The world of music magazines that you haven’t read…

Uh…did I mention that Grandma’s Boy was funny?

I stare at a lot of magazine racks. What stares back? Countless mid-level publications with innocuous titles. It’s as if the internet never happened. WRONG!! The internet did happen, it just killed the zine world. What’s left is a glut of glossies with respective readerships comparable to any zine from the mid-90’s. One can count on boring graphics, boring interviews (interviews are always boring, trust me, I written plenty of boring ones) with boring bands, and boring record reviews. Just imagine if Pitchfork was exploded into a hundred print magazines.

Of course, I’m not referring to the magazines that I write for. They’re awesome. They’re also the only magazines that I actively read, because I get comp copies. My favorite music mag, though, is one that I no longer write for. I wrote for Decibel Magazine, issues 2 and 3, but after a few months of unreturned e-mails and rejected pitches (I still try every two months or so, just for shits and giggles), my name disappeared from the masthead (funny note: it remained by mistake in the masthead for issues 4 and 5). Still, I continue to get comp copies, and I read most of each issue. AND…..I enjoy 50% of that “most.” That’s a pretty good hit rate for this relationship between myself and a mid-level music glossy, especially one that couldn’t find room for my sizeable talents. And I’m sure that’s what it was, an space issue. I mean, no one can write a crappy, marginal metalcore review quite like me (Eugene of Oxbow had some funny things to say about writing for Decibel…scroll down).

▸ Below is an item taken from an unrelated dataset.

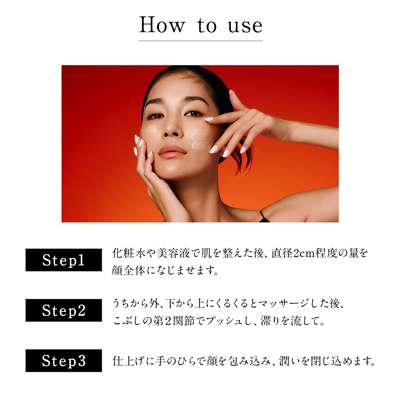 FAS THE BLACK DAY MASSAGE MASK | 発酵科学スキンケア FAS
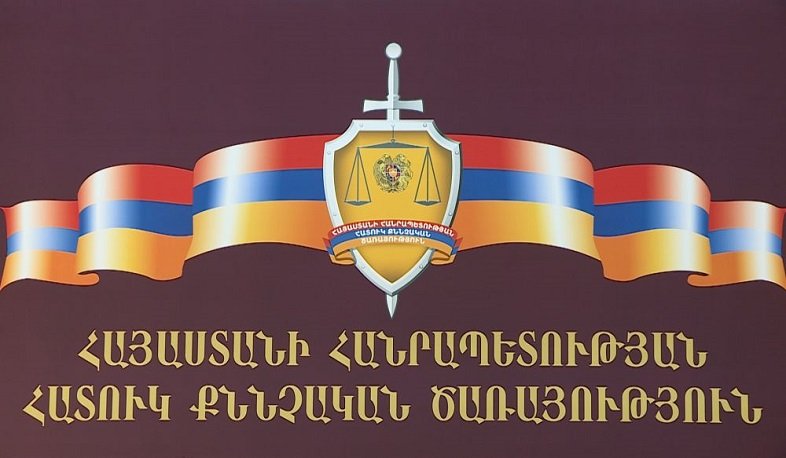 HH hatuk qnchakan carayutyun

Overall, Decibel writers remain a more caustic, humorous lot than what’s usually available in this insular bubble (made even more insular by the fact that Decibel covers “extreme” music, or rather, metalcore, death metal, grindcore, flimsy “art” metal, and the thrash revival). It’s miles above Revolver, which maintains a average IQ of 71 from cover to cover and remains stuck in 1998. Decibel gives way too much space to over-intellectualizing “intense” pretty-boy boneheadedness like The Red Chord, As I Lay Dying, A Life Once Lost (and any band that could share its name with the title of a made-for-Lifetime drama) plus other garbage that’s one dinner away from Hot Topic fodder. Outside of this, I manage to read enough entertaining writing to briefly expand my “to steal from Soul Seek” list.